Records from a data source
================================
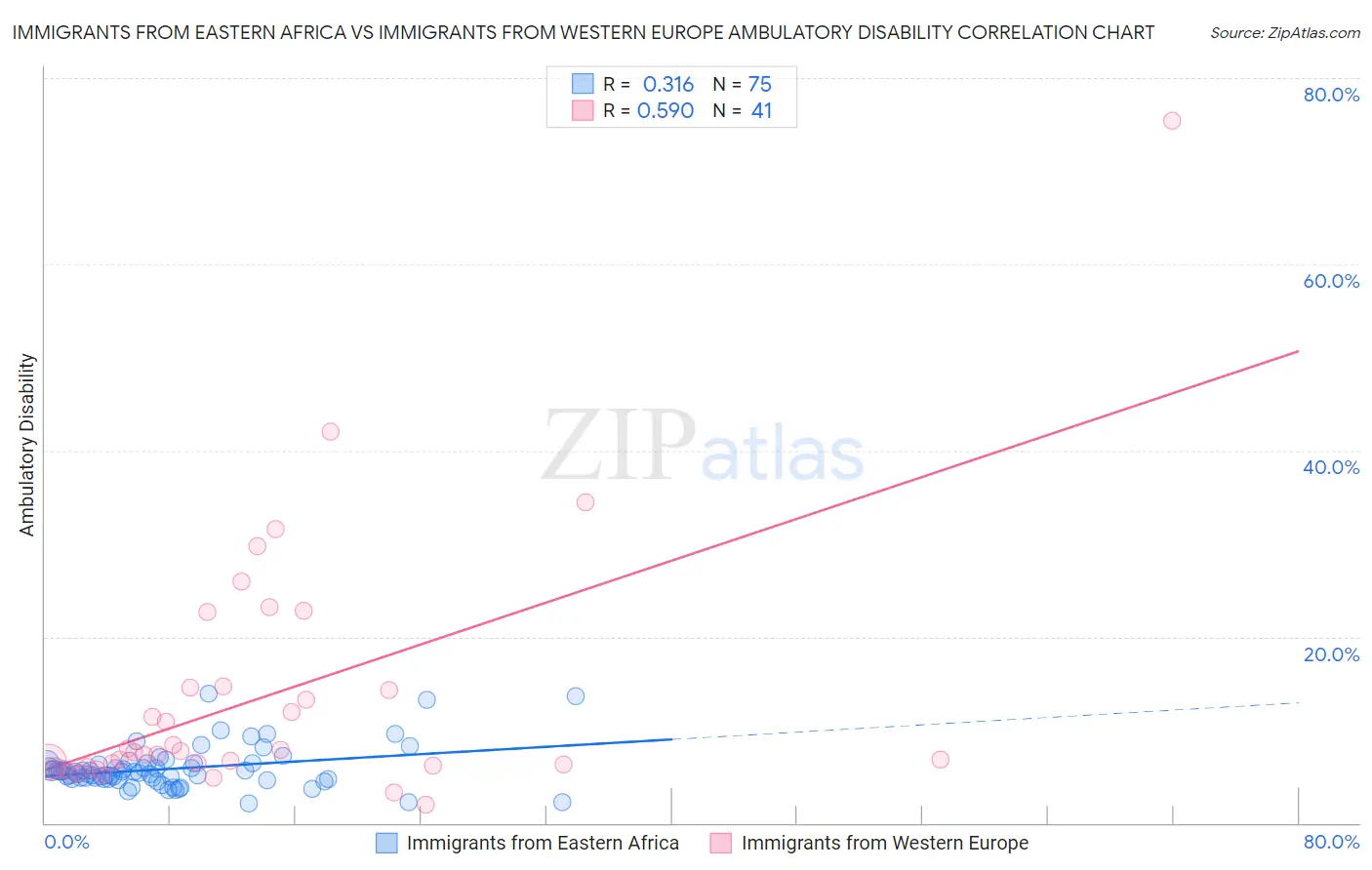 Immigrants from Eastern Africa vs Immigrants from Western Europe Ambulatory Disability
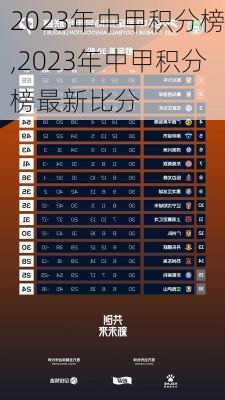 2023年中甲积分榜,2023年中甲积分榜最新比分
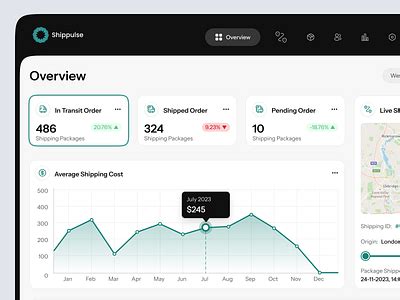 Image result for Dashboard Website Design Using HTML and CSS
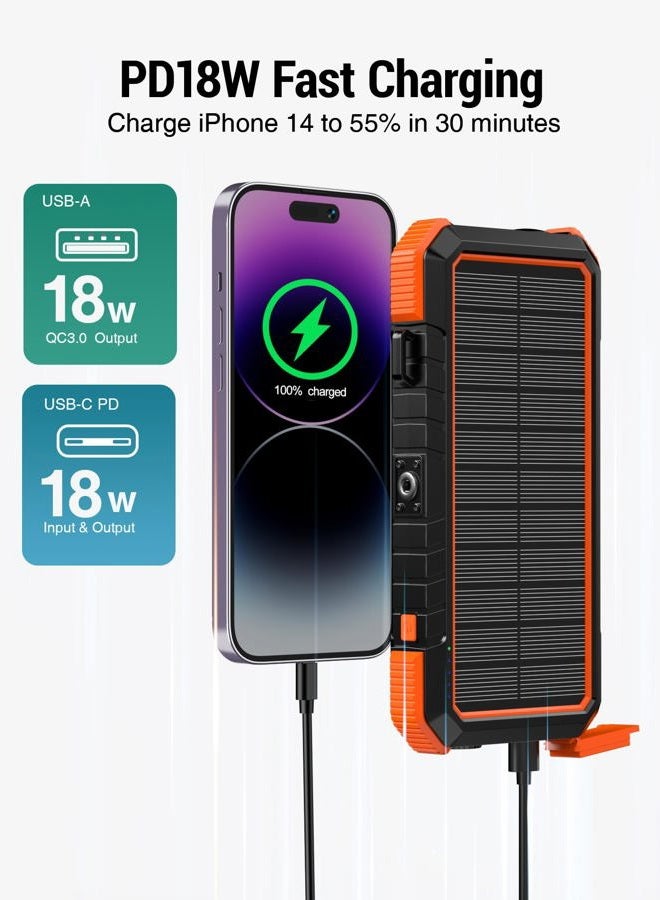 BLAVOR Solar Charger Power Bank, PD 18W Fast Charging 20000mAh Battery Pack with 4 Foldable Panels, Portable Solar Powered USB C Charger with Camping Flashlight Compass Carabiner for Cell Phone - Image 2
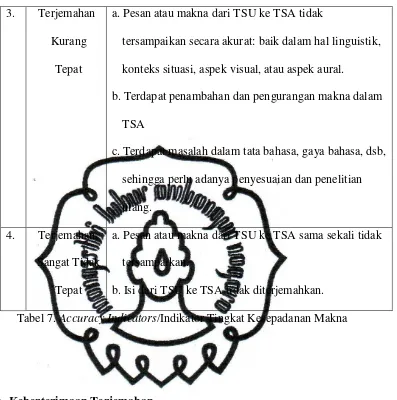 Tabel 7. Accuracy Indicators/Indikator Tingkat Kesepadanan Makna 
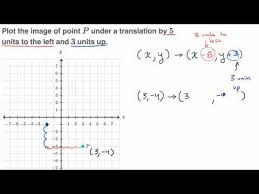 Translating Points Video Translations Khan Academy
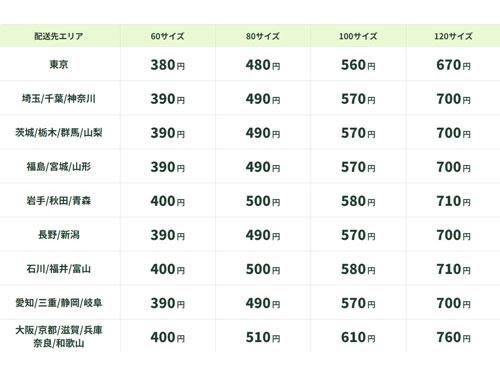 新料金体系の一部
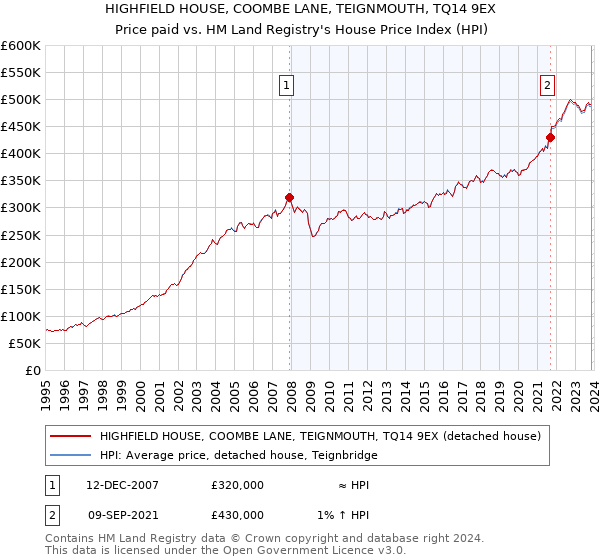 HIGHFIELD HOUSE, COOMBE LANE, TEIGNMOUTH, TQ14 9EX: Price paid vs HM Land Registry's House Price Index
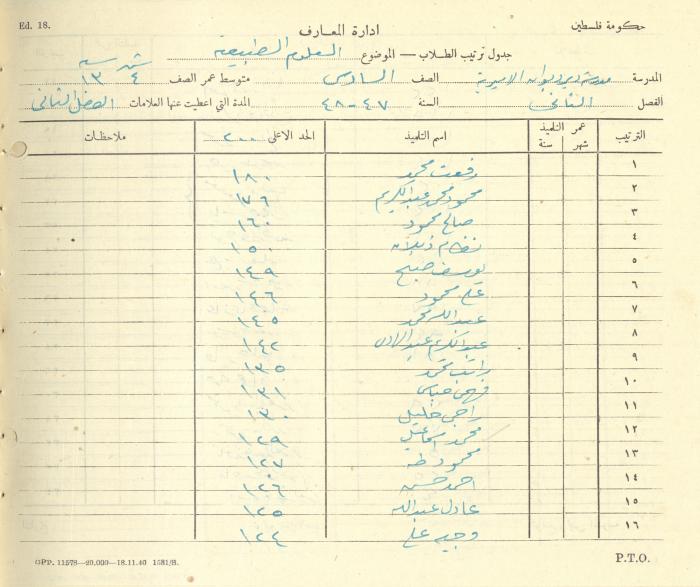Students Marks Sheets, Deir Dibwan School, 1945-54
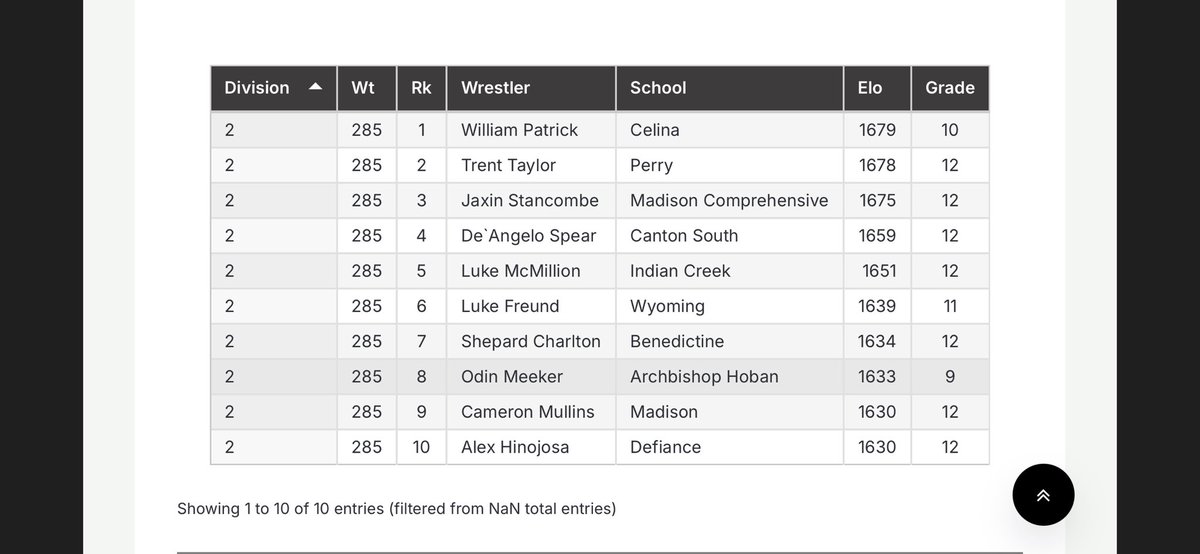 Cash Patrick tweet media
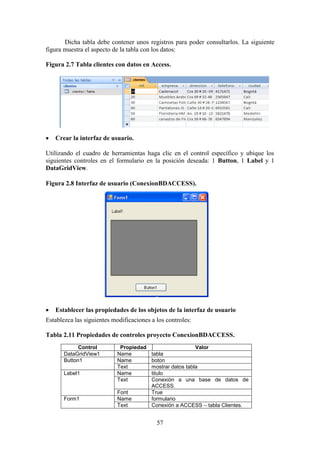 57
Dicha tabla debe contener unos registros para poder consultarlos. La siguiente
figura muestra el aspecto de la tabla con los datos:
Figura 2.7 Tabla clientes con datos en Access.
 Crear la interfaz de usuario.
Utilizando el cuadro de herramientas haga clic en el control específico y ubique los
siguientes controles en el formulario en la posición deseada: 1 Button, 1 Label y 1
DataGridView.
Figura 2.8 Interfaz de usuario (ConexionBDACCESS).
 Establecer las propiedades de los objetos de la interfaz de usuario
Establezca las siguientes modificaciones a los controles:
Tabla 2.11 Propiedades de controles proyecto ConexionBDACCESS.
Control Propiedad Valor
DataGridView1 Name tabla
Button1 Name boton
Text mostrar datos tabla
Label1 Name titulo
Text Conexión a una base de datos de
ACCESS.
Font True
Form1 Name formulario
Text Conexión a ACCESS – tabla Clientes.
 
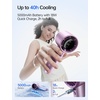 image:imageJISULIFE Handheld Fan40H Endurance Iridescent Purple Portable Fan with LED Display 100Level Speed USBC Fast Rechargeable Trendy Personal Design for Festivals Concerts Sports Travel GiftsIridescent Purple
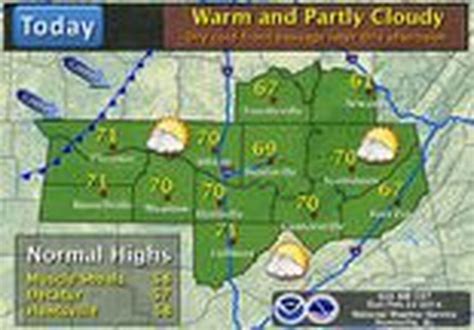 Warm, partly cloudy weather in Huntsville's forecast today - al.com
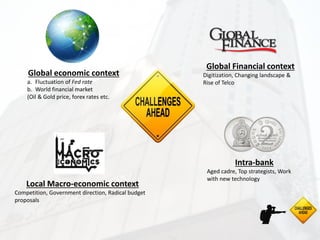 Global economic context
a. Fluctuation of Fed rate
b. World financial market
(Oil & Gold price, forex rates etc.
Global Financial context
Digitization, Changing landscape &
Rise of Telco
Intra-bank
Aged cadre, Top strategists, Work
with new technology
Local Macro-economic context
Competition, Government direction, Radical budget
proposals
 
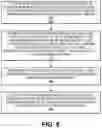 Fig. 06 - Systems and methods for providing communications with an improved network frame structure architecture within wireless sensor networks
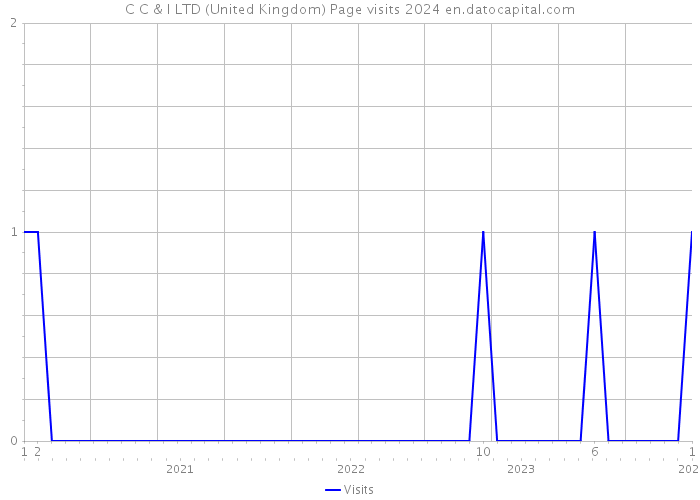 C C & I LTD (United Kingdom) Page visits 2024 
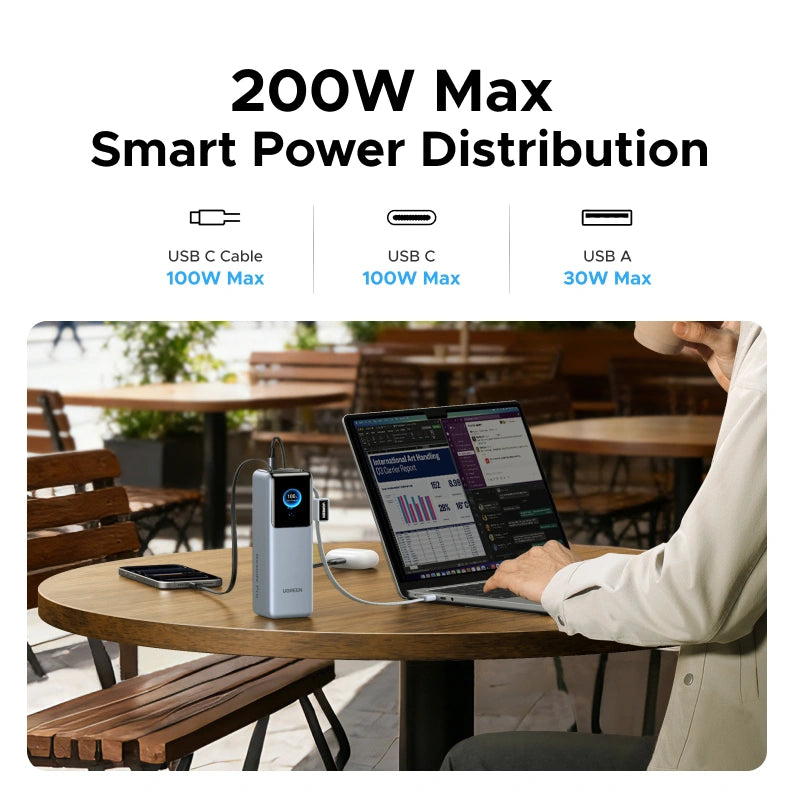 Ảnh minh họa Pin sạc dự phòng UGREEN 25000mAh 200W Nexode Pro kèm cáp bện 35cm + cáp USB-C rút 65cm 1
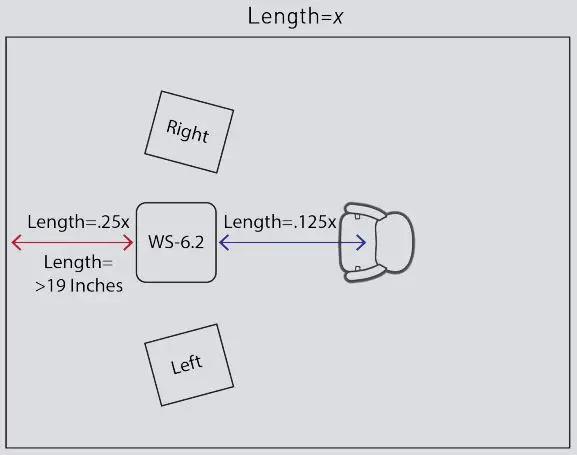 KALI AUDIO WS-6.2 Watts WS-6.2 Subwoofer-fig5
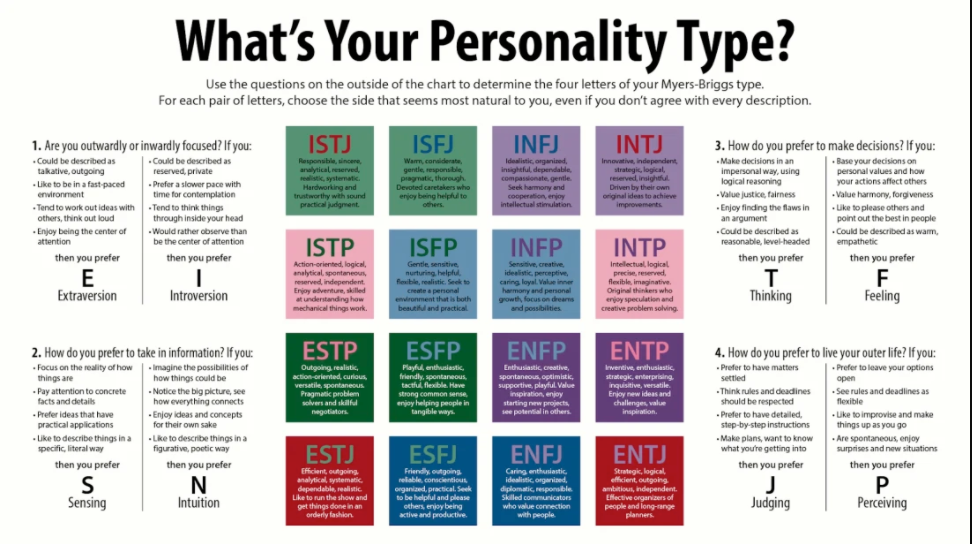 🔥 Most likely to have traits, qualities and emotions MBTI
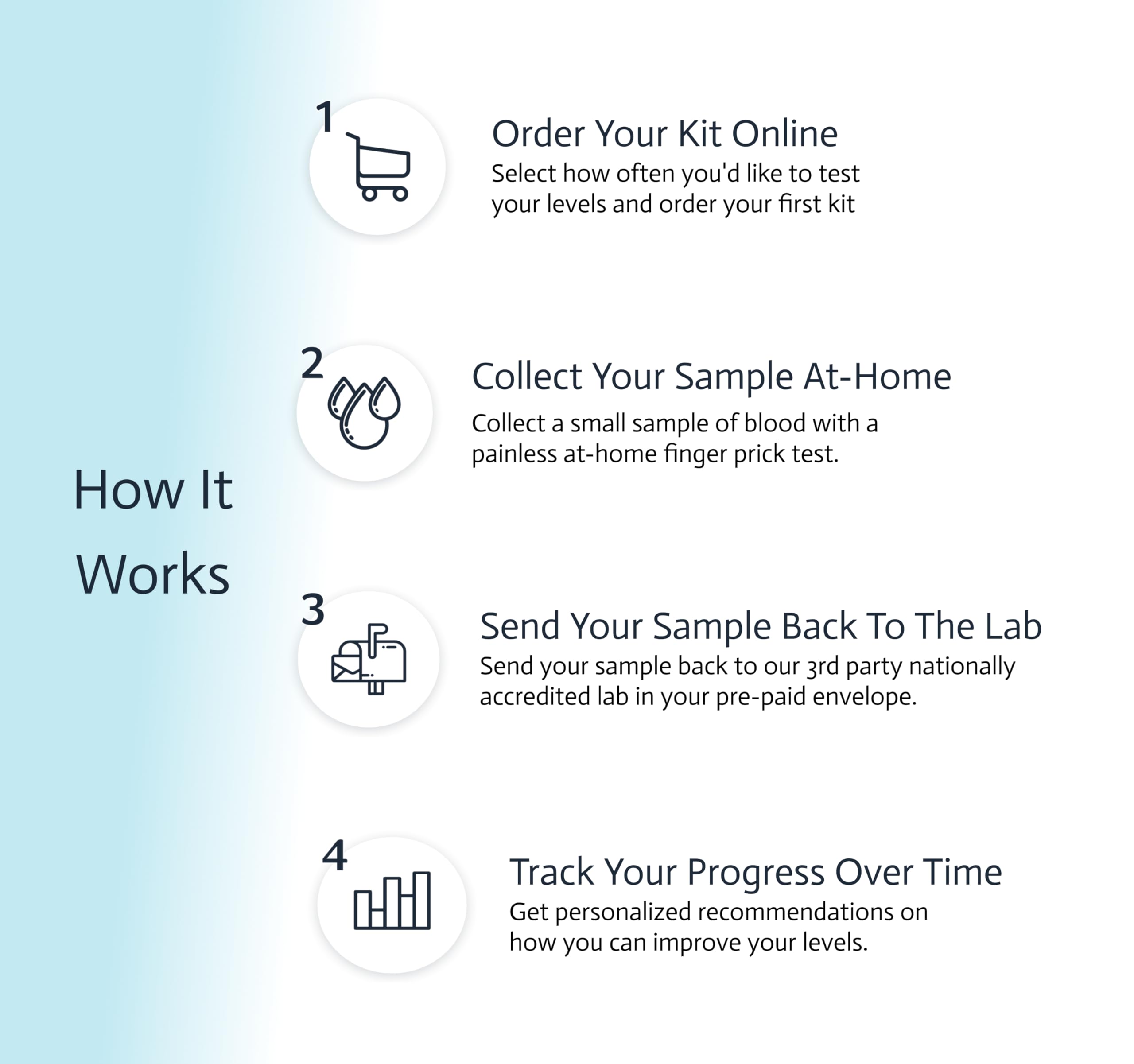 Choose Health homocysteine levels results provide health insights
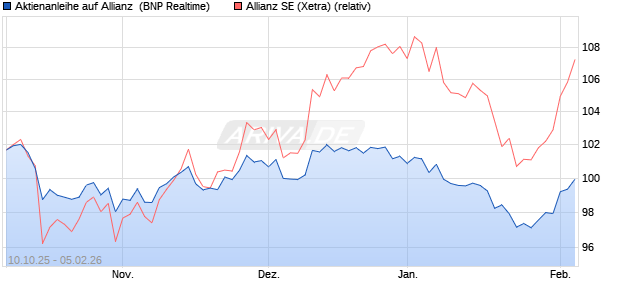 Aktienanleihe auf Allianz [BNP Paribas Emissions- u. (WKN: PK0L4X) Chart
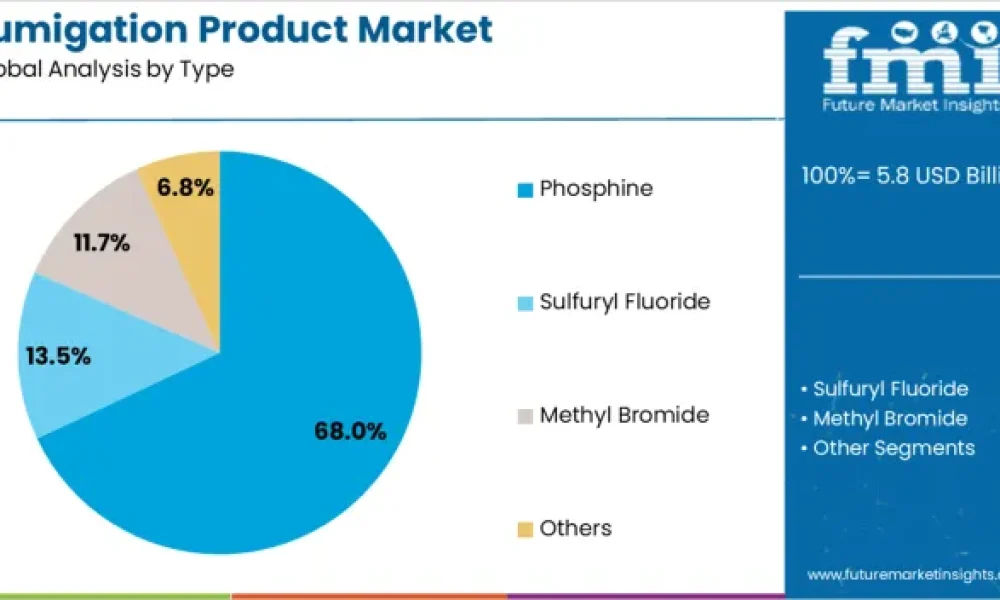 Fumigation Product Market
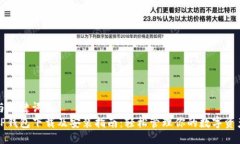 与关键词  TP钱包下载及安
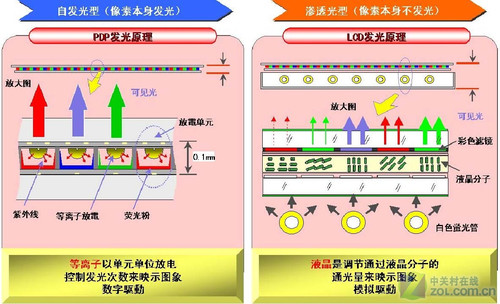 让液晶靠边站!五款等离子电视推荐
================================
◆ Try it ◆
Using the records above, repeat exactly the run of lines that starts with the line with "Ảnh minh họa" and goes on through the line with "and emotions MBTI"; omit each picture.

◆ Solution for this exercise ◆
 Ảnh minh họa Pin sạc dự phòng UGREEN 25000mAh 200W Nexode Pro kèm cáp bện 35cm + cáp USB-C rút 65cm 1
 KALI AUDIO WS-6.2 Watts WS-6.2 Subwoofer-fig5
 🔥 Most likely to have traits, qualities and emotions MBTI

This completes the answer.